Earlier this month, 32 pregnant girls were discovered at an alleged baby farm, The Seat of Happiness Care Centre, in a remote area on the edge of the city of Aba, in southern Nigeria.
It described itself as a charitable home for single mothers and orphans. They were housed in bungalows with metal bars on the windows behind a tall security fence topped with barbed wire.
Commandant Ben Dikuro, from the Nigerian Security and Civil Defence Corps, told Nigerian newspaper The Sun: “Girls who get pregnant are lured to the home with rosy promise of compensation when they deliver.
“Also young girls who need money are also convinced to get pregnant and deliver the child and be paid some amount of money.”
The owner of the home, Nnenna Mba, denied she had ever forced mothers to hand over their babies or sold them.
She told the newspaper the home was properly registered and that any adoptions were dealt with by the authorities.
“We only act as intermediaries,” she said. “They (the mothers) are all conscious. I did not force them. I am a qualified nurse.”
Nkiruka Michael, head of the National Agency for the Prohibition of Traffic in Persons (Naptip) office in Enugu, a state capital in southern Nigeria, said last week that Naptip was campaigning for the law on child trafficking to be tight-ended up.
Lack of resources was hampering efforts, however. The agency has only one vehicle to cover the five states supervised from her office.

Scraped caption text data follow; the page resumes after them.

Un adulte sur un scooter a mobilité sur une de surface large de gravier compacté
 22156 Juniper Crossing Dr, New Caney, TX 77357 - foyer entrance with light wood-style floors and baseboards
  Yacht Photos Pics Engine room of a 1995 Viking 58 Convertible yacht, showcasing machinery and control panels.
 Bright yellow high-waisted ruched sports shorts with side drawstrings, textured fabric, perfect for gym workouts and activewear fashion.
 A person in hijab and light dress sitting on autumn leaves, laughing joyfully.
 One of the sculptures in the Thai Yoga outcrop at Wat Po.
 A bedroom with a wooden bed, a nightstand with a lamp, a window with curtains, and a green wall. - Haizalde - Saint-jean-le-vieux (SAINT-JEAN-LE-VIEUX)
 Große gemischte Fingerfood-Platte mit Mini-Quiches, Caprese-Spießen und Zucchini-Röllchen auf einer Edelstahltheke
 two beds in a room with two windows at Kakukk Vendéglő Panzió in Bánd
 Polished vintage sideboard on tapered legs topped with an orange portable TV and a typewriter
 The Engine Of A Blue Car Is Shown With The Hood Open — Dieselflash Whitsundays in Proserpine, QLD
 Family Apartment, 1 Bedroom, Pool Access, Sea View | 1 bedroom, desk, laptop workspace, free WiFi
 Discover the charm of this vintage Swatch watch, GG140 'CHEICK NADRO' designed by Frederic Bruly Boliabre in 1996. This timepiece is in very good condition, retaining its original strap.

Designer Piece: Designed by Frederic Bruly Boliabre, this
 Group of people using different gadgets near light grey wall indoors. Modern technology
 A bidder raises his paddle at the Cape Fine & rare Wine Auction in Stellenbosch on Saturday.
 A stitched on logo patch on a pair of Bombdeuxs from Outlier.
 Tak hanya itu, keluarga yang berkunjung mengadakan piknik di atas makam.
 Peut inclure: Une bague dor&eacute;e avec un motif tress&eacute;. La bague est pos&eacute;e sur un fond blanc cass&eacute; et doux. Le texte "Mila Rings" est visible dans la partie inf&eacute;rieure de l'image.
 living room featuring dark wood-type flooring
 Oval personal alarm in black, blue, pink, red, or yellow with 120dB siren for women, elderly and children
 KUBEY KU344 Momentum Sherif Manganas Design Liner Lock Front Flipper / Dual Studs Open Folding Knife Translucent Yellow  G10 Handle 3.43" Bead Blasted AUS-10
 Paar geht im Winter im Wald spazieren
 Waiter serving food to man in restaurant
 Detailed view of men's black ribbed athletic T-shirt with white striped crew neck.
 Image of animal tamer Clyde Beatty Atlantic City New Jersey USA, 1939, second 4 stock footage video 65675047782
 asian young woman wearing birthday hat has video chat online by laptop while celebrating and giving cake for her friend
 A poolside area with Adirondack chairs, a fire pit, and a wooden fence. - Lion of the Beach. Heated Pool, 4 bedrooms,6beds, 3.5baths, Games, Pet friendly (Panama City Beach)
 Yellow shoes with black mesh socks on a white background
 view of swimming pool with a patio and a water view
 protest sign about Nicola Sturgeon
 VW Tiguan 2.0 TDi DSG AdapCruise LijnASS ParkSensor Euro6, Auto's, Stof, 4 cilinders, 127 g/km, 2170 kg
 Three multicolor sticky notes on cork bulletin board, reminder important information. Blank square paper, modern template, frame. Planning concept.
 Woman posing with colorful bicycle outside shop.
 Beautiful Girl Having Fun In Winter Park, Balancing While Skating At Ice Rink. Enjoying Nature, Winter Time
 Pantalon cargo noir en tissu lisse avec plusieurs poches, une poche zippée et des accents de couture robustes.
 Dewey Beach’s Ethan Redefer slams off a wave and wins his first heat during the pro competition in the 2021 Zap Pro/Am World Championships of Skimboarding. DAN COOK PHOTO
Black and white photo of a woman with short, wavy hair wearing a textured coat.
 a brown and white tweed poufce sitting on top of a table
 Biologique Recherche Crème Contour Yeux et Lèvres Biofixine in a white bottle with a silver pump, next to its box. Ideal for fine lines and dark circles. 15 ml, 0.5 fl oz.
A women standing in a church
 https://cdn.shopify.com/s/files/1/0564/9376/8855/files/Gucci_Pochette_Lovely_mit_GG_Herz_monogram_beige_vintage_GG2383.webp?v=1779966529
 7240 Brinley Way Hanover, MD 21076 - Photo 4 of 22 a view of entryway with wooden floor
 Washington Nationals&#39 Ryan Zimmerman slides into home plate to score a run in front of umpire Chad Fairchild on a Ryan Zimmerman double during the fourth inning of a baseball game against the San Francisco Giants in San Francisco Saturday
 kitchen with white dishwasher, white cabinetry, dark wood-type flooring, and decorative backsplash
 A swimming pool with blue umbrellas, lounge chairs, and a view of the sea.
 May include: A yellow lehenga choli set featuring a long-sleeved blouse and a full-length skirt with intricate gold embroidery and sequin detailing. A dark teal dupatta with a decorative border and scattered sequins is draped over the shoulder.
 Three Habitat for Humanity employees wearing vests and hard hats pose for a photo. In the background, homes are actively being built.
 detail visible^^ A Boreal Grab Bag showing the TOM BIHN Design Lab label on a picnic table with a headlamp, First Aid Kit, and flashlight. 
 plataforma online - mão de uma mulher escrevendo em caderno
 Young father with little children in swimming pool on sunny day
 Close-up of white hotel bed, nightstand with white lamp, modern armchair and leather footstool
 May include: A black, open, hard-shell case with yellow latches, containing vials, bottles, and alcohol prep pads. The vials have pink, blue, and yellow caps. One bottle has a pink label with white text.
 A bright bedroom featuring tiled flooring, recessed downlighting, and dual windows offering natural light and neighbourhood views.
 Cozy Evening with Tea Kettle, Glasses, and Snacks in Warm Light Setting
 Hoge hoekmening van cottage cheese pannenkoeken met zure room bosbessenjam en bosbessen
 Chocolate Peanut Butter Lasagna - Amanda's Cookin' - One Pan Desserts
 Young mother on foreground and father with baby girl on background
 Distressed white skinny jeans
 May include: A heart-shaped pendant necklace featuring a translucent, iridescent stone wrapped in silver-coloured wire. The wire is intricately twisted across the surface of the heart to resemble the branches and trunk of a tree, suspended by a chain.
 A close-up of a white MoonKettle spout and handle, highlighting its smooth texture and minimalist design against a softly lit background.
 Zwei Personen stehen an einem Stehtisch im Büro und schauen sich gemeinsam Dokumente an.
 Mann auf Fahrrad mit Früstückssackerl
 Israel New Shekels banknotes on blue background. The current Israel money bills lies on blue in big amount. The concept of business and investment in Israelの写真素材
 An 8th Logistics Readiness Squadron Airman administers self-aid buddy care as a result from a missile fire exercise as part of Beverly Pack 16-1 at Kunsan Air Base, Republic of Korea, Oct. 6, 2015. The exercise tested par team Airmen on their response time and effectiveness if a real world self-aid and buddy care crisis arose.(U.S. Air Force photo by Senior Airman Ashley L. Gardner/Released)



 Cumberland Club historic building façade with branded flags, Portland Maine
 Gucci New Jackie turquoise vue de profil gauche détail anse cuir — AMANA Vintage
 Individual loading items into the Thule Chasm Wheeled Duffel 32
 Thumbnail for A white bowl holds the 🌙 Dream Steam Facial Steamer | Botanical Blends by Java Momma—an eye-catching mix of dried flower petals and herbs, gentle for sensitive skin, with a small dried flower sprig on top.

“The situation is terribly bad… baby factory operators now enjoy free rein,” she said.
The Sunday Times has learnt that Naptip is investigating another charity that is alleged to have put pressure on vulnerable young mothers to give up their babies. The Refuge, Girls Home in Calabar, in the far South of the country, was set up to help teenage girls with unwanted pregnancies by Mothers Against Child Abandonment, a charity run by Obioma Liyel Imoke, the wife of the governor of Cross River State.
Imoke described allegations against the home as “false, malicious and defamatory” and politically motivated. “We have never, I repeat never, cajoed nor enticed nor forced any of our housemates to give up their babies for any monetary gains or otherwise,” she said.
The charity says all the girls are given the option of keeping their babies or handing them to the authorities for adoption, which it does not arrange itself.